**PROMPT:**
All of the entries below should be returned verbatim, apart from the pictures.

**SUPPLIED RECORDS:**
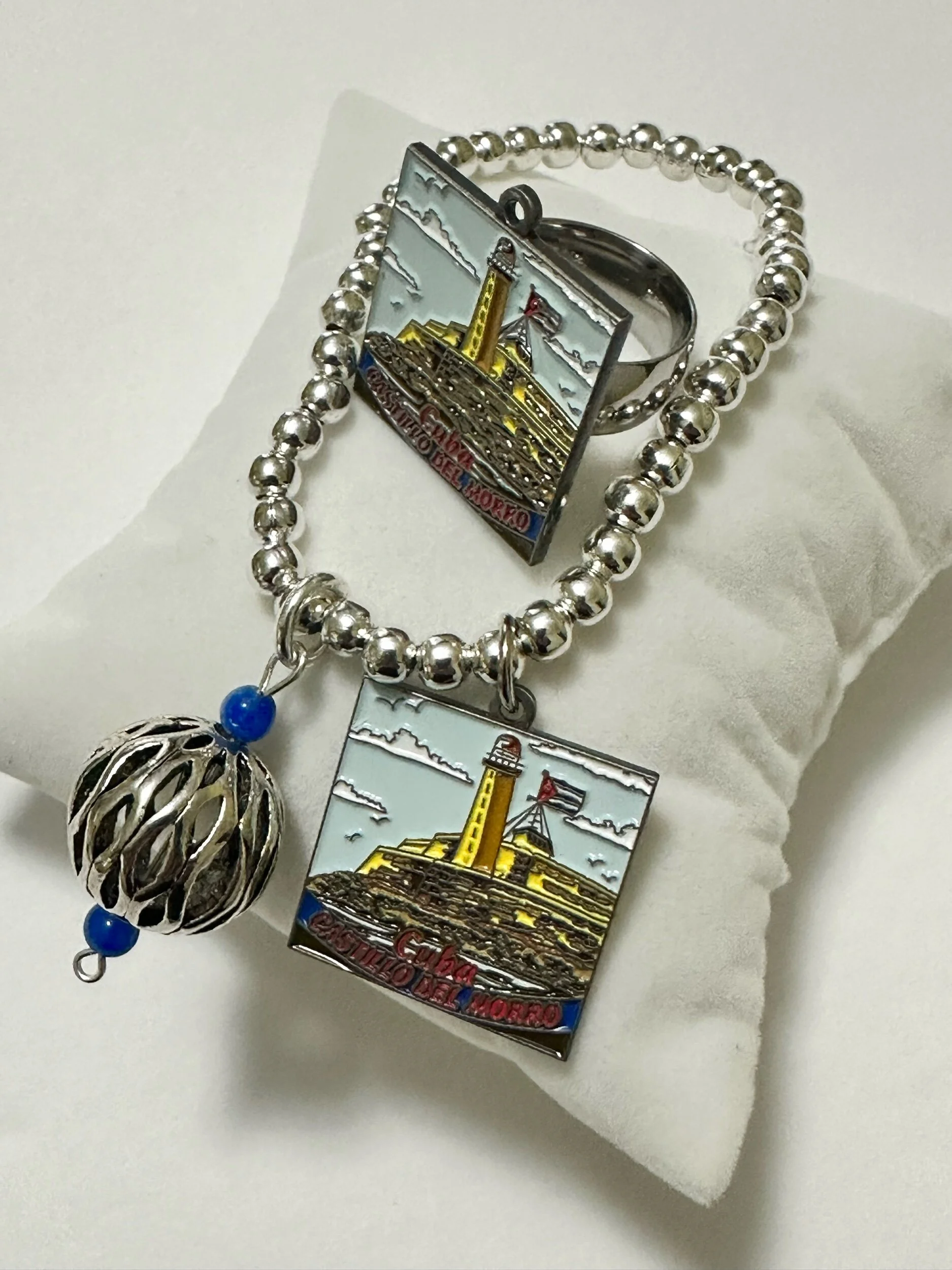 A7B76632-8E61-4509-95EC-F8D7CF4D5BF2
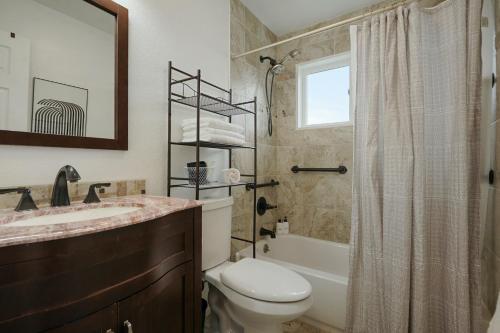 Bathroom, @ Marbella Lane - 4BR Cozy & Comfy Northglenn in Northglenn (CO) Bathroom, @ Marbella Lane - 4BR Cozy & Comfy Northglenn in Northglenn (CO)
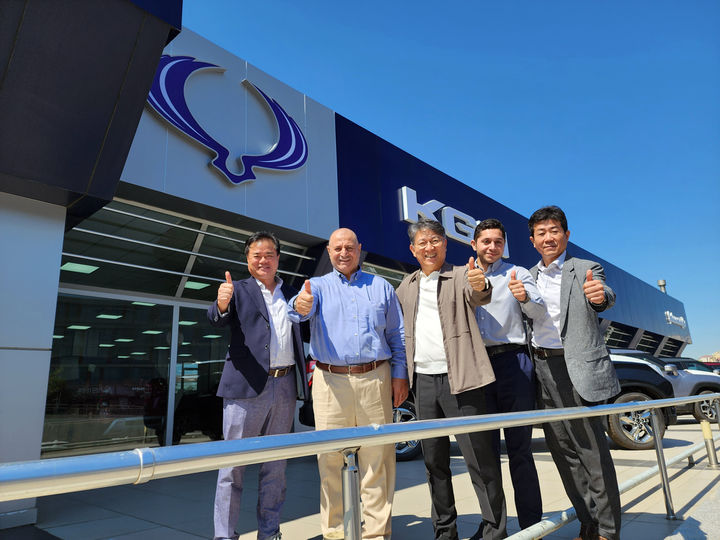 지난 2024년 8월_KGM이 튀르키예 대리점에서 간담회를진행한 후 기념촬영을 하고 있다.(사진=KGM) *재판매 및 DB 금지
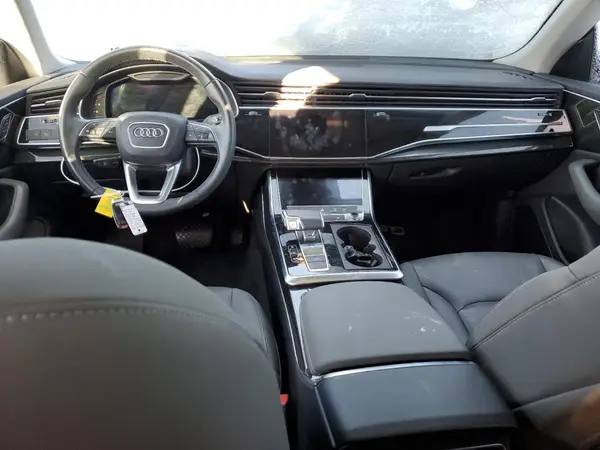 WA1EVAF18MD043734 2021 AUDI Q8 - Image 8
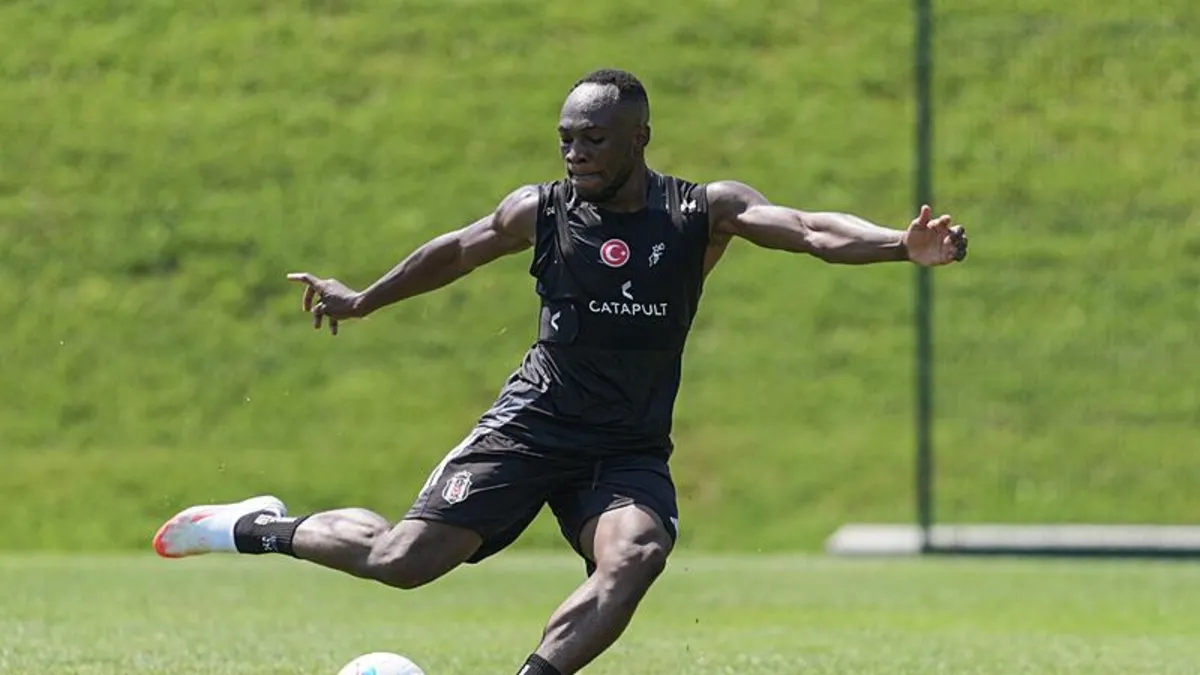 Jackson Muleka'ya Arabistan kancası!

**ANSWER FOR THE TASK:**
 A7B76632-8E61-4509-95EC-F8D7CF4D5BF2
 Bathroom, @ Marbella Lane - 4BR Cozy & Comfy Northglenn in Northglenn (CO) Bathroom, @ Marbella Lane - 4BR Cozy & Comfy Northglenn in Northglenn (CO)
 지난 2024년 8월_KGM이 튀르키예 대리점에서 간담회를진행한 후 기념촬영을 하고 있다.(사진=KGM) *재판매 및 DB 금지
 WA1EVAF18MD043734 2021 AUDI Q8 - Image 8
 Jackson Muleka'ya Arabistan kancası!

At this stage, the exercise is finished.